Il Pomo d’Oro
Riccardo Minasi - conductor
In his new project Venezia, Max Emanuel Cencic offers arias of baroque Venice written by Antonio Vivaldi, Francesco Gasparini, Tomaso Albinoni, and Antonio Lotti – composers whose operas undeservingly disappeared from world opera scenes. The famous countertenor Max Emanuel Cencic picked twelve arias during his quest in baroque archives. During both recording of the CD (Parlophone) and concerts, he collaborates with Italian baroque instruments ensemble Il Pomo D’Oro, and Italian conductor Riccardo Minasi.
“Mr. Cencic is blessed with the finest countertenor voice of our day” – wrote the German magazine Opernwelt in May 2008. Once a member of the Wiener Sängerknaben, the Croatian-Austrian singer started his solo career in 2001. Today, he is celebrated as a world-elite countertenor.

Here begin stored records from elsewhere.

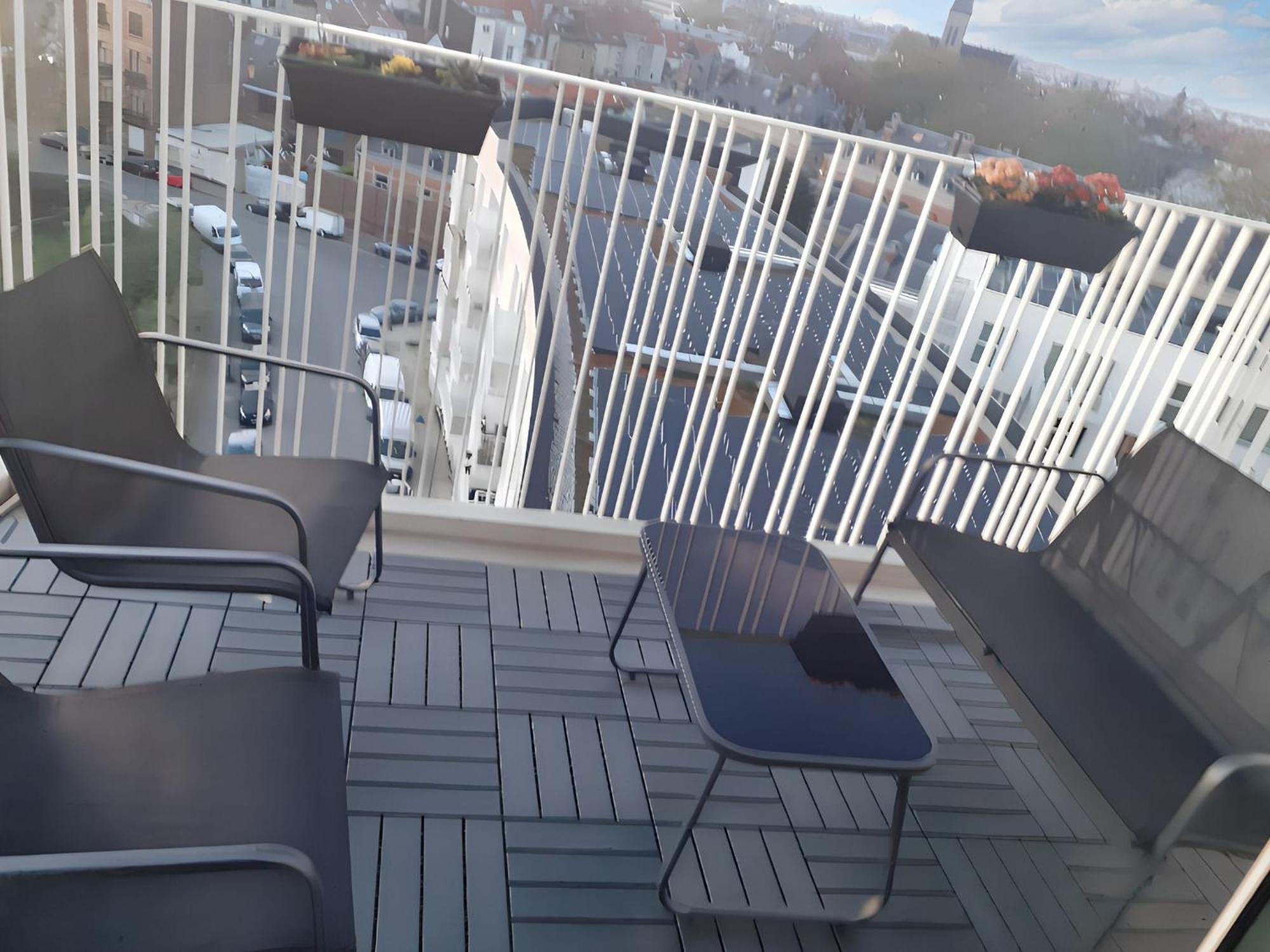 Modern Apartment In Cureghem Anderlecht 134 M² + Terrace 布鲁塞尔 外观 照片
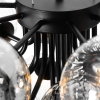 Hanglamp zwart met smoke en helder glas 13-lichts - bonnie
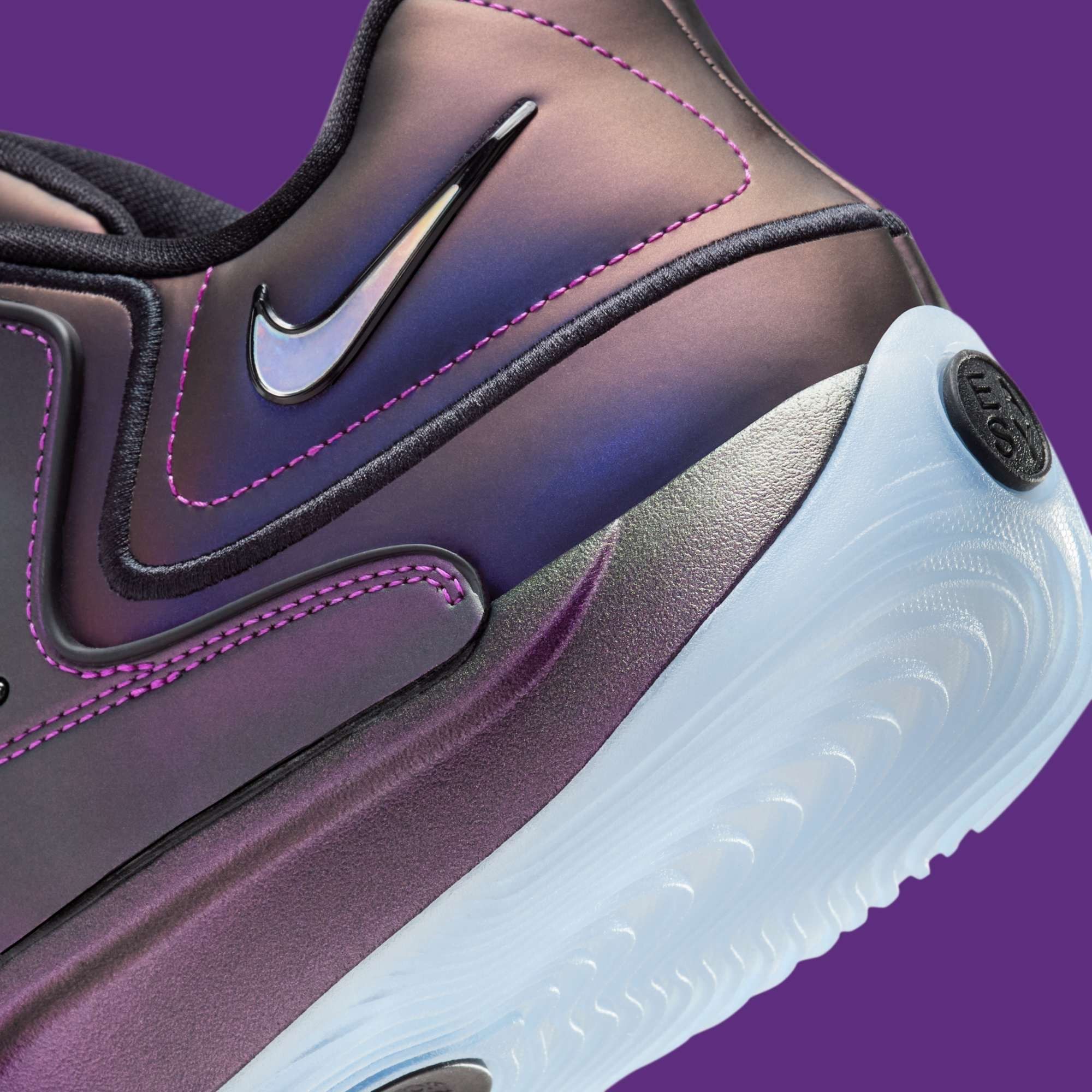 ✔️New✔️ NIKE KD 18 \'Eggplant\' Nike KD 18 Eggplant Purple Basketball Shoes - YouTube main image 2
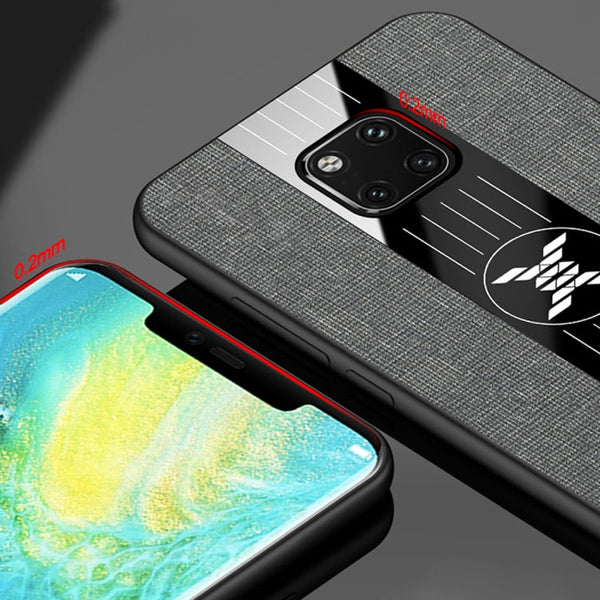 XINLI Stitching Cloth Textue Shockproof TPU Protective Case with Ring Holder, For Huawei Mate 20 Pro, For Huawei Mate 20 X, For Huawei Mate 30, For Huawei nova 2s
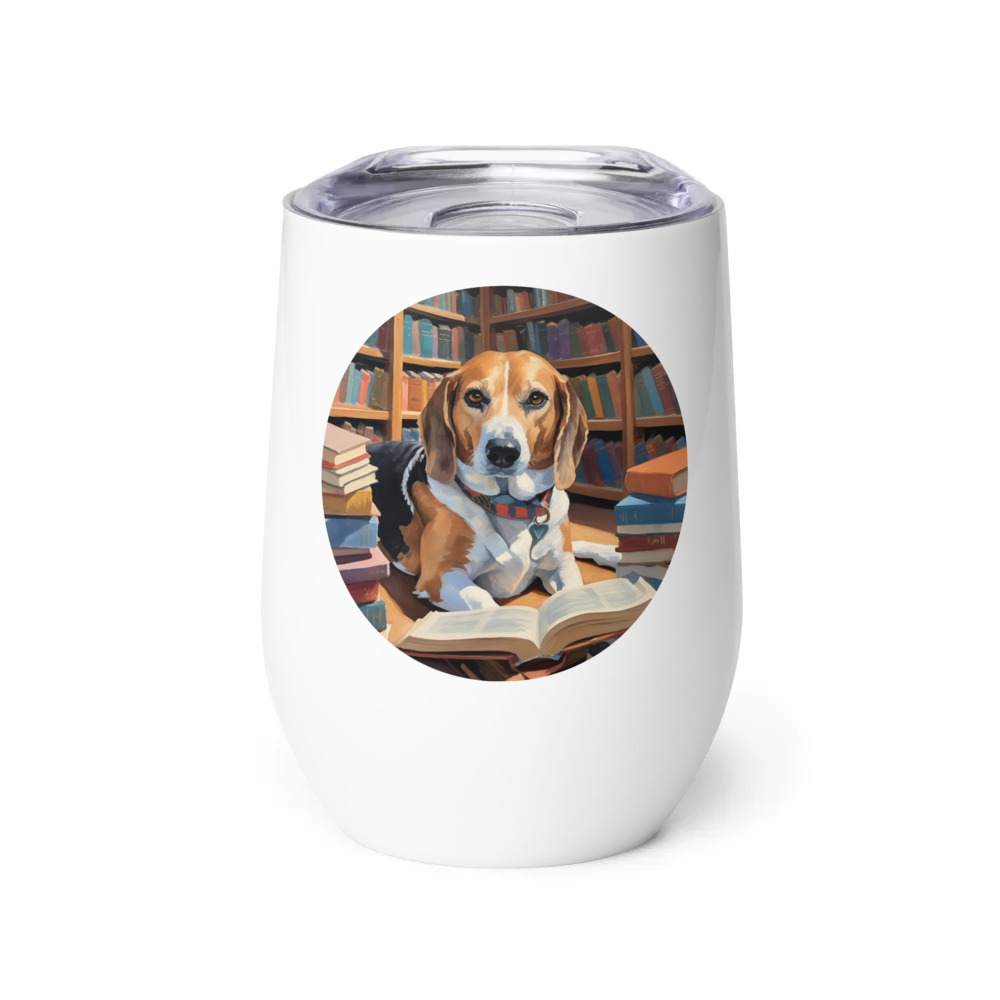 PugMug Custom Munchkin Wine Tumbler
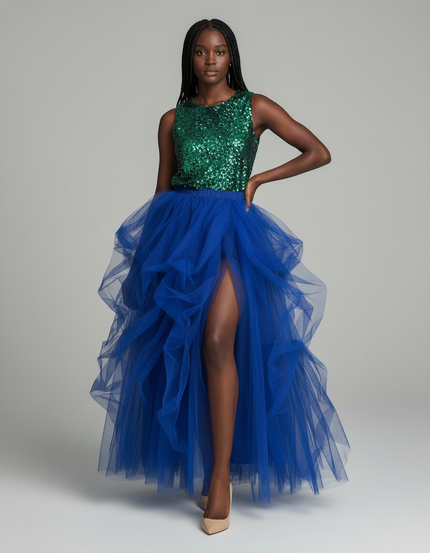 Jupe Longue Fendue Couture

He is a frequent guest of opera houses including Vienna State Opera, Theater an der Wien, Bavarian State Opera Munich, Semperoper in Dresden, Deutsche Oper in Berlin, Frankfurt Opera, Teatro Carlo Felice in Genova, Teatro Real in Madrid, Gran Teatre del Liceu in Barcelona, Théâtre des Champs-Élysées in Paris, Opéra Royal de Versailles, Théâtre Royal de la Monnaie in Brussels, Grand Théâtre in Geneva, Teatro Nacional de São Carlos in Lisbon, etc. In concert he has performed in such venues as Carnegie Hall in New York, the Barbican Centre in London, the Amsterdam Concertgebouw, Vienna’s Musikverein, the Festspielhaus Baden-Baden, the Laeiszhalle Hamburg, the Palais Garnier in Paris, and at festivals in Ludwigsburg, Potsdam, Halle (Händel Festspiele), Spoleto (Due Mondi), Ambronay, Eisenstadt, and Dubrovnik. Conductors with whom Cencic has collaborated on a regular basis include William Christie, René Jacobs, Ottavio Dantone, Diego Fasolis, Jean-Christophe Spinosi, George Petrou, Emmanuelle Haïm, Fabio Biondi and Riccardo Muti.

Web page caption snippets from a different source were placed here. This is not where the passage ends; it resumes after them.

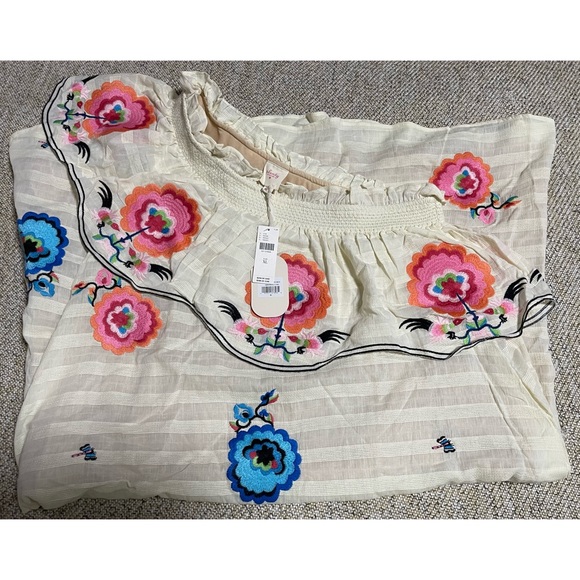 Anthropologie Plenty by Tracy Reese Embroidered One Shoulder Maxi Dress NWT XL - Picture 9 of 16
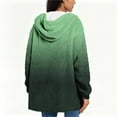 thumbnail image 4 of Turilly Gradual Printing Coats for Women Long Sleeve Hooded Coat Winter Loose Solid Warm Pocket Top Outerwears, 4 of 5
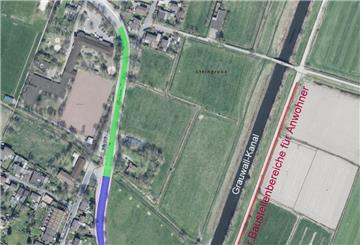 Planung der Sanierungsarbeiten der Wurster Straße in Weddewarden.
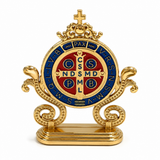 Enfeite para Carro Medalha de São Bento Autocolante - 7 cm
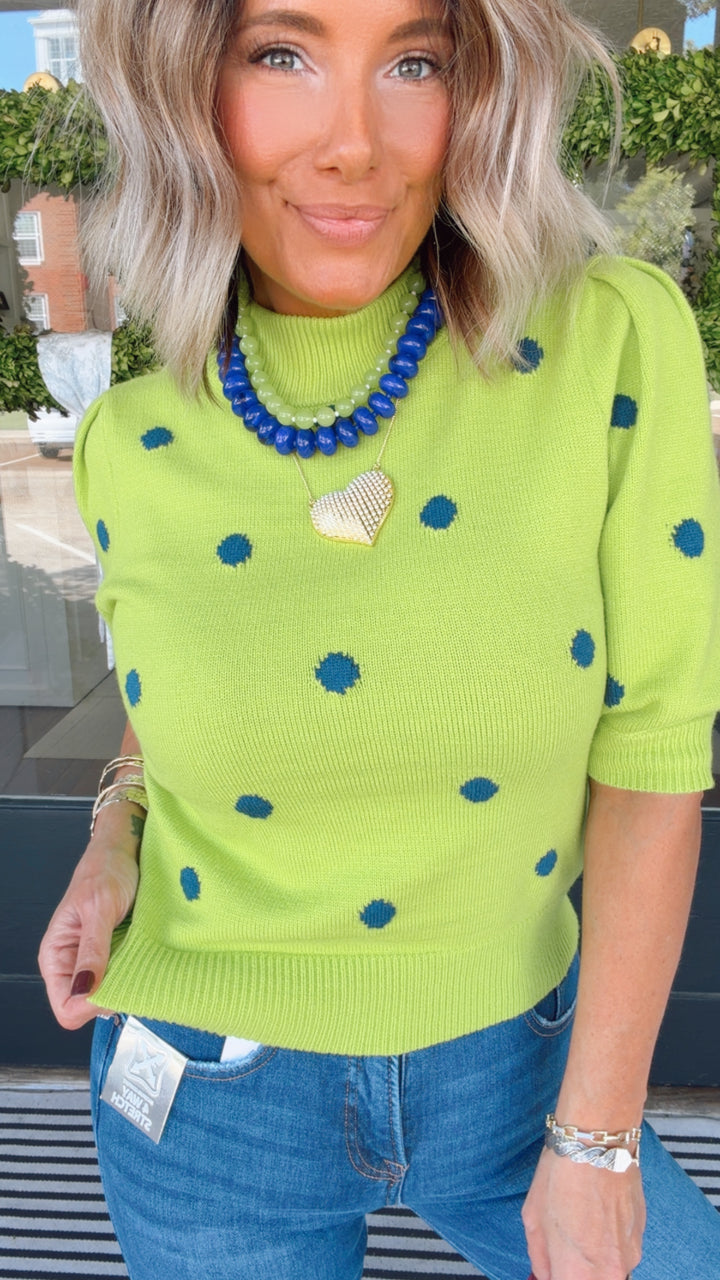The Dot Your Average Sweaters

An early milestone in Max Emanuel Cencic’s career was his interpretation of Nerone in Monteverdi’s L’incoronazione di Poppea in Basel, which prompted Opernwelt to name him Best New Singer of the Year 2003. Other notable assumptions included the role of Perseo in Vivaldi’s long-forgotten serenata Andromeda liberata (recorded live at Carnegie Hall by Deutsche Grammophon), the title role in Handel’s rarely performed opera Faramondo, and the Herald in the world premiere of Aribert Reimann’s Medea at the Vienna State Opera on February 28, 2010. The most ambitious project of the 2012/2013 season was Cencic’s own idea of a production of newly-rediscovered opera by Neapolitan composer Leonardo Vinci’s Artaserse. Cencic invited colleagues countertenors to portray all the female characters; the recording (Virgin Classics), and modern (staged) premiere of the opera (Nancy, France) included four countertenors, and Cencic himself in the role of Artaserse’s sister Mandane. Whether at Theater an der Wien, the Cologne Opera, the Opéra de Lausanne or the Théâtre des Champs-Élysées, every performance received a standing ovation.

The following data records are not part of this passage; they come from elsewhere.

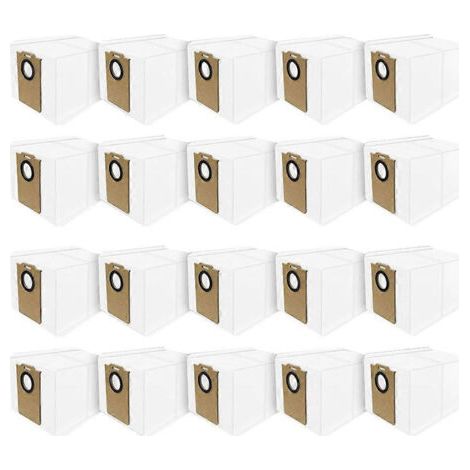 Sacs À Poussière Compatibles Avec Dreame Mova E20 Plus/trouver E20 Pro Plus/monsga Ms1 Max/proscenic Q8 Max - Accessoires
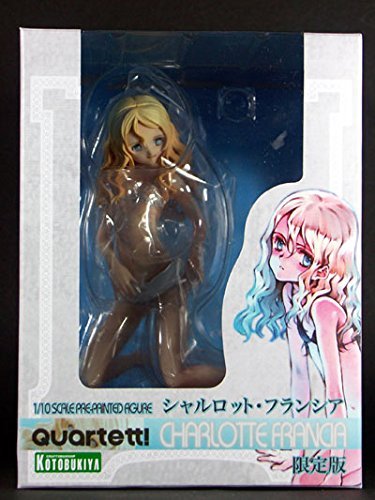 Charlotte Francia (Limited Edition version) - 1/10 scale - Quartett! - Kotobukiya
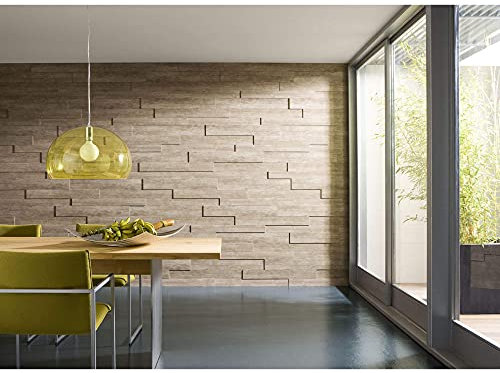 Untitled STM Dekor | 3D MDF Paneele Mokka | Das Kit 18 Platte 1,2 m2 | Platten aus MDF | Wandpaneele | Deckenpaneele | Tapete | Wanddeko | Wandverkleidung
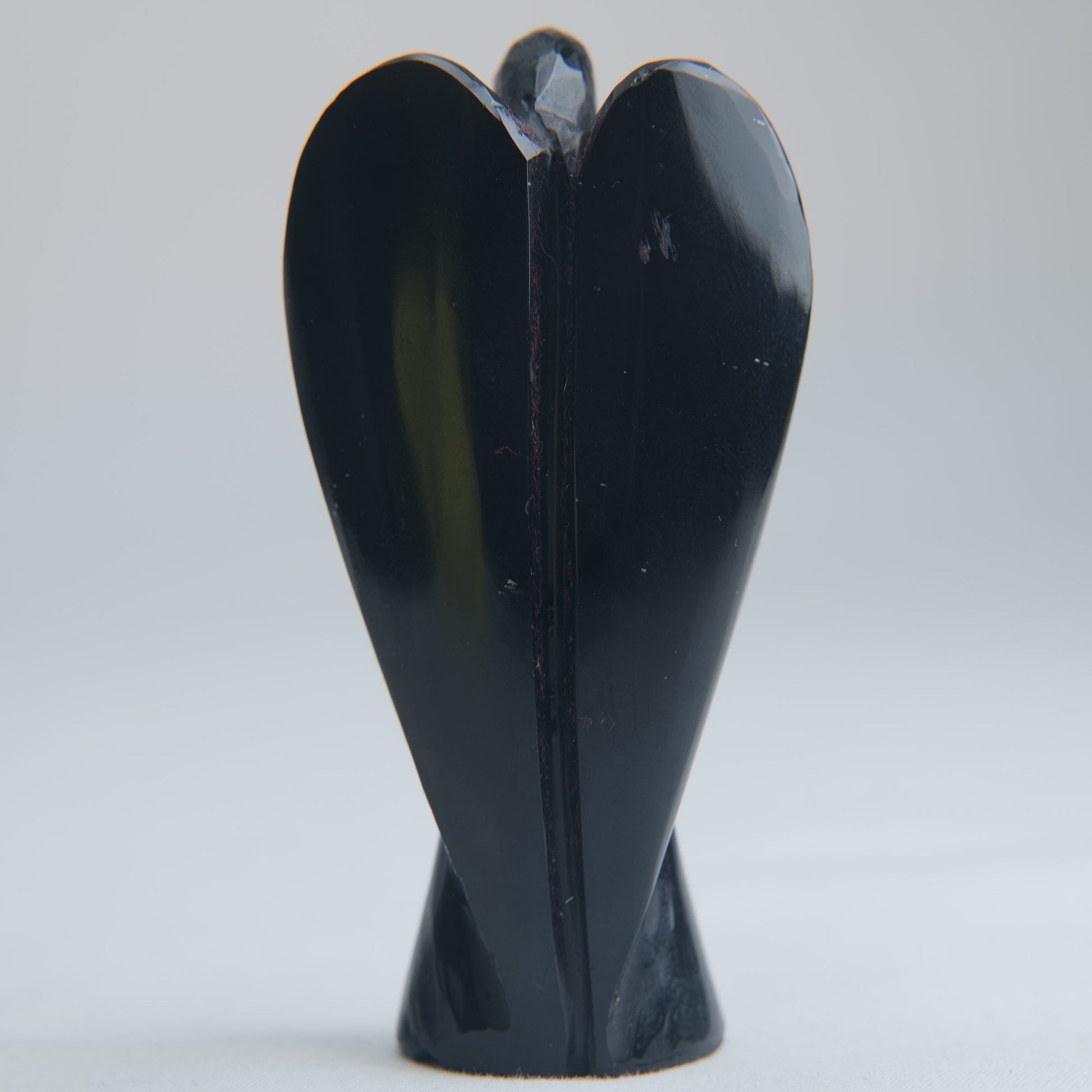 Black Obsidian Angel Carving 70g 80mm - Luna Panther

The singer’s extensive CD catalogue features a number of award-winning recordings including French prizes Diapason découverte, Diapason d’Or and Orphée d’Or and German prizes Preis der Deutschen Schallplattenkritik and ECHO Klassik. The Decca recording of Handel’s Alessandro, again featuring Cencic in the title role, has already garnered six major awards, including Opera CD of the Year for 2013 from prestigious Opera Awards. His new concert programme, Rokoko, a homage to Johann Adolf Hasse, accompanied by George Petrou and Armonia Atenea, took Max Emanuel Cencic to Metz, Monte Carlo, Bordeaux and Paris, and the CD was issued by Decca in 2014. In 2014/2015 season, Cencic’s engagements include performances at the Theater an der Wien (Andronico in Handel’s Tamerlano), at the Opéra Royal de Versailles (the title role in Johann Adolf Hasse’s Siroé and Arbace in Leonardo Vinci’s Catone in Utica) and a number of concerts.